You link an object built with the old libstdc++ string ABI against one built with the new (_GLIBCXX_USE_CXX11_ABI). It links but crashes. Why didn't the linker catch it?

The two std::string layouts are an ABI mismatch, but libstdc++ uses an inline-namespace ABI tag so the two strings usually get different mangled names — turning many such mismatches into a clean undefined reference rather than a crash. If a particular interface slips through with matching names (e.g. a function passing std::string by value where the tag didn't differentiate), the linker sees matching symbols and binds them despite incompatible layouts, and you get corruption. A matching name is not a matching contract.

Question 28

A profiler's flame graph is full of _RNvCs... frames you can't read. Is the data corrupt?

No — those are Rust v0 mangled symbols, and the profiler demangled with an Itanium demangler (c++filt) that doesn't understand _R..., so it left them raw. Pipe through rustfilt, or configure the profiler with a Rust-aware demangler. Raw symbols in a profile almost always mean a missing/mismatched demangler, not bad data.


Design

Question 29

Design the public surface of a C++ library that other teams (possibly other compilers) will link against. What's your strategy?

Export nothing by default: compile with -fvisibility=hidden -fvisibility-inlines-hidden (and/or a local: *; version script). Expose only a flat extern "C" surface of opaque-handle (void*) functions taking POD and pointers — no C++ types across the boundary. Mark each exported function with a cross-platform *_API macro (visibility("default") on ELF, __declspec(dllexport) on PE). Maintain the export list in a version script / .def as the single source of truth. This gives a small, enforceable, compiler-independent ABI; review nm -D output to confirm only the intended symbols are exported.

Question 30

You must change a function's behavior in a shipped library without breaking already-deployed binaries. How?

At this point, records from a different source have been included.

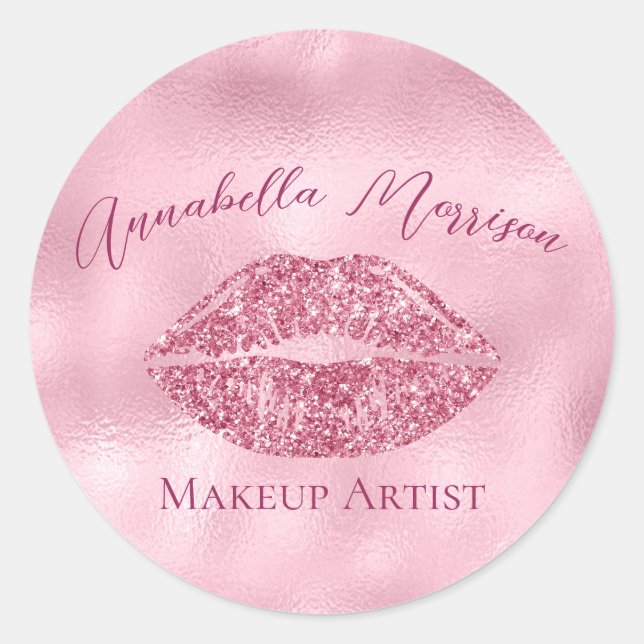 Glamorous Pink Glitter Lips Classic Round Sticker (Front)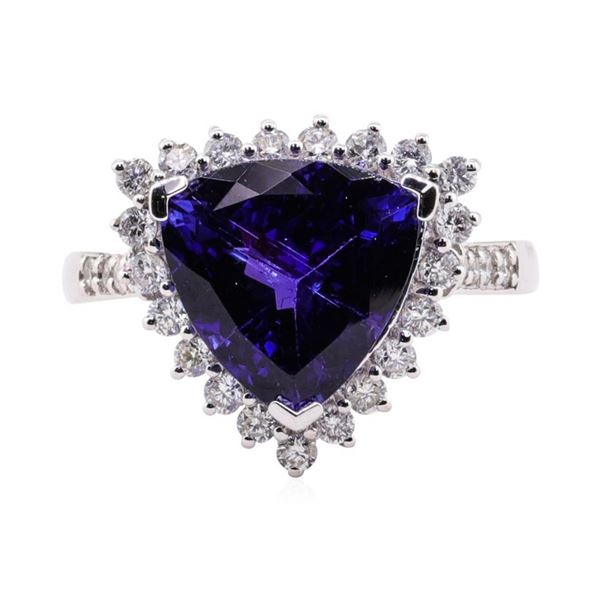 5.16 ctw Tanzanite and Diamond Ring - Platinum
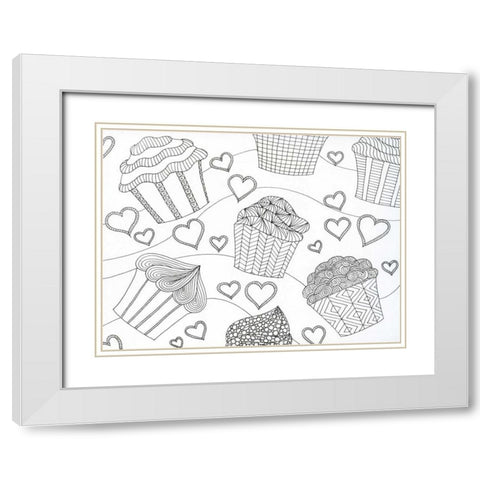 Cupcake Love White Modern Wood Framed Art Print with Double Matting by Varacek, Pam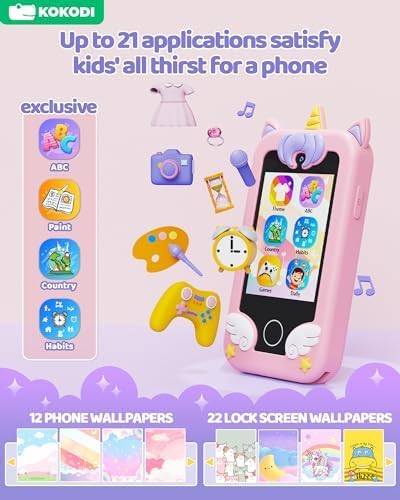 KOKODI Teléfono inteligente para niños, pantalla táctil HD con dobl...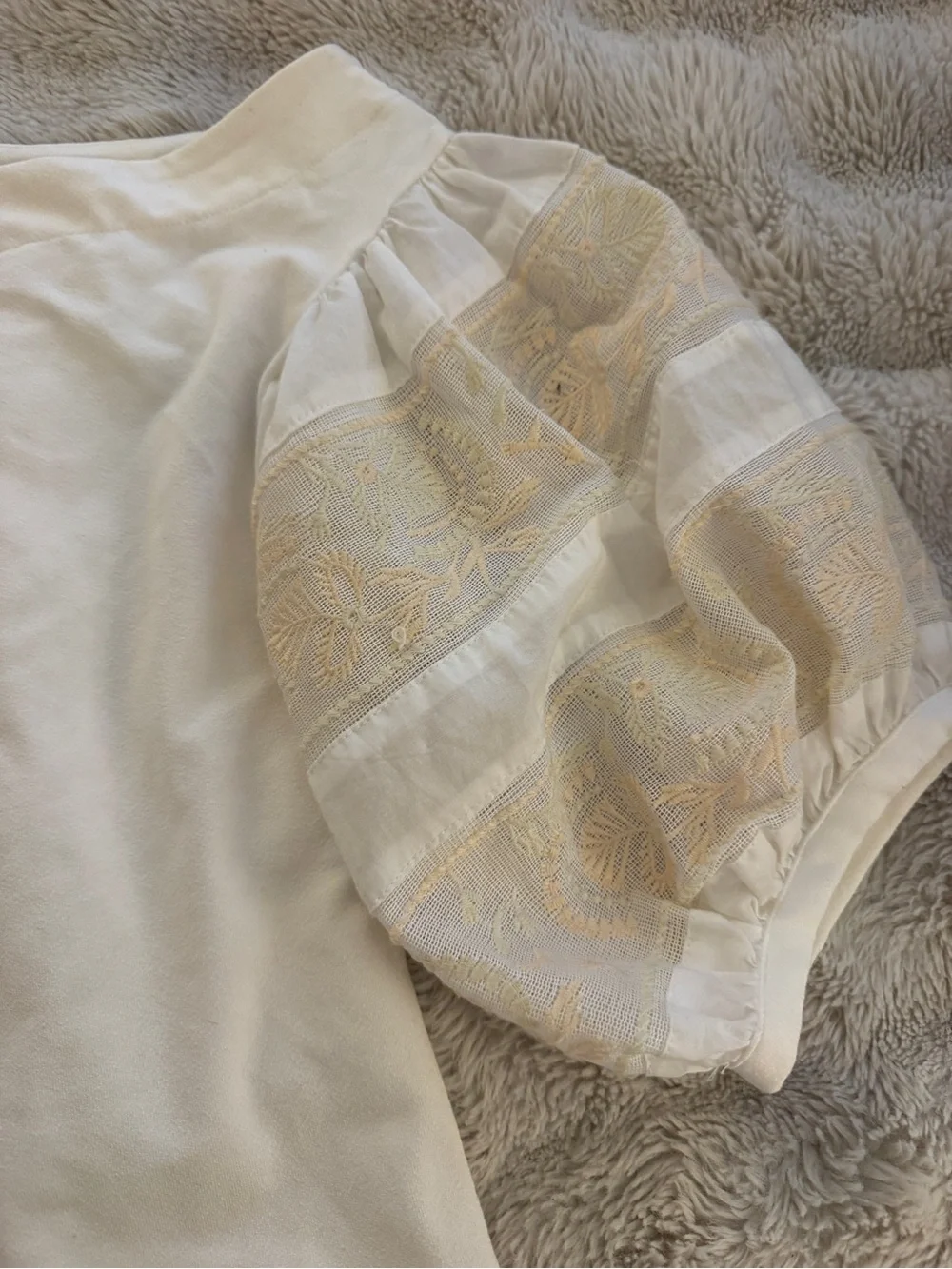 Free People White Off-Shoulder Puff-Sleeve Top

Use symbol versioning (GNU ld). Keep the old implementation as a compatibility version and add the new one as the default: .symver do_thing_v1, do_thing@MYLIB_1.0 and .symver do_thing_v2, do_thing@@MYLIB_2.0, with a version script declaring both nodes. New programs bind do_thing@@MYLIB_2.0; binaries linked against your old release keep resolving do_thing@MYLIB_1.0. One .so, two behaviors, zero field breakage — exactly how glibc evolves.

Question 31

How do you ship a small, stripped production binary while keeping the ability to symbolize field crashes?

Split debug info into a sidecar: objcopy --only-keep-debug app app.debug to archive full symbols in a symbol server, strip --strip-debug --strip-unneeded app to shrink the shipped binary, and objcopy --add-gnu-debuglink=app.debug app to connect them. The shipped binary is small and leaks no internal symbols; a crash from the field plus the archived app.debug still yields fully demangled, line-numbered backtraces. Lose the sidecar and you lose symbolication, so archive it reliably.

Question 32

You're exposing a Rust core to C and to Python (via ctypes). How do you design the symbol surface?

Put the entire FFI surface in one module, each function #[no_mangle] pub extern "C" taking only C-ABI types (raw pointers, repr(C) structs, integers) — opaque-handle pattern (*mut Engine created/destroyed by exported functions). Generate the matching C header with cbindgen so the header and the actual symbols stay in sync. Verify with nm -D that the exported names are exactly the plain, unmangled ones Python/C expect. The flat C surface is simultaneously the C ABI and the ctypes ABI; no caller ever sees a _R... symbol or a Rust type layout.


Closing Note

The thread through every band: the linker is a string-matcher with no type knowledge, so everything — overloading, scopes, FFI, ABI evolution — is solved by controlling what strings end up in the symbol table and what they bind to. The strongest candidates reach for nm, c++filt, objdump -T, and a version script the way other engineers reach for a debugger, and they treat the dynamic symbol table as a contract to be designed, not a side effect to be ignored.